Cette année, c’est le poker qui a pris place, parmi d’autres, dans l’un des grands pavillons de cette gigantesque place tournante qu’est la porte de Versailles et ses salons à tous les étages. Au-dessus, une exposition Johnny Haliday, dans deux jours, un championnat de France du sushi, en attendant le « Salon des seniors », le « Sandwich & snack show » ou le plus populaire « Comic Con », fin du mois. Les passions s’additionnent, se superposent, cohabitent le plus naturellement possible.
Avec le temps, la littérature poker, elle, a quasiment disparu. Fut une époque où chaque grand champion offrait son propre livre au joueur qui le bustait des WSOP. Alors que les grandes théories du jeu avaient été popularisées par ce medium —Super System de Doyle Brunson en tête—, et que chaque joueur sponsorisé rêvait d’avoir son nom en couverture d’une biographie ou d’un livre de stratégie (Isabelle Mercier, Patrick Bruel, les collections de François Montmirel —pour les francophones), la mode est passée. « Un livre, mais pour quoi faire ? » répondait un grinder américain à une intervieweuse aux WSOP qui s’enquérait quant au jour où il sortirait sa méthode. Désormais, le passage de témoin se fait par les tutos vidéos, les streaming sur twitch et, de plus en plus rarement, sur des blogs éditorialisés pour l’occasion.

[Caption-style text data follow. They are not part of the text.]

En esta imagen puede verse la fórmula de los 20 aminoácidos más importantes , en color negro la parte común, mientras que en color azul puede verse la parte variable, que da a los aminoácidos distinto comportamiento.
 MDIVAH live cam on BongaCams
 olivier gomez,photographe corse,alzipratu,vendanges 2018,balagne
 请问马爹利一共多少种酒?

Si les écrits restent, la parole, elle, circule. Elle s’accommode des changements et des évolutions stratégiques, permet de réviser ses erreurs et les nier, autorise tout un chacun à ne pas passer pour le ringard de service. Seuls les récits épiques du jeu parviennent encore à trouver matière à réédition, avec un public de plus en plus restreint. Mais sans story telling, sans grand souffle, le poker arrivera-t-il encore à subsister dans l’histoire et écrire ainsi son grand roman?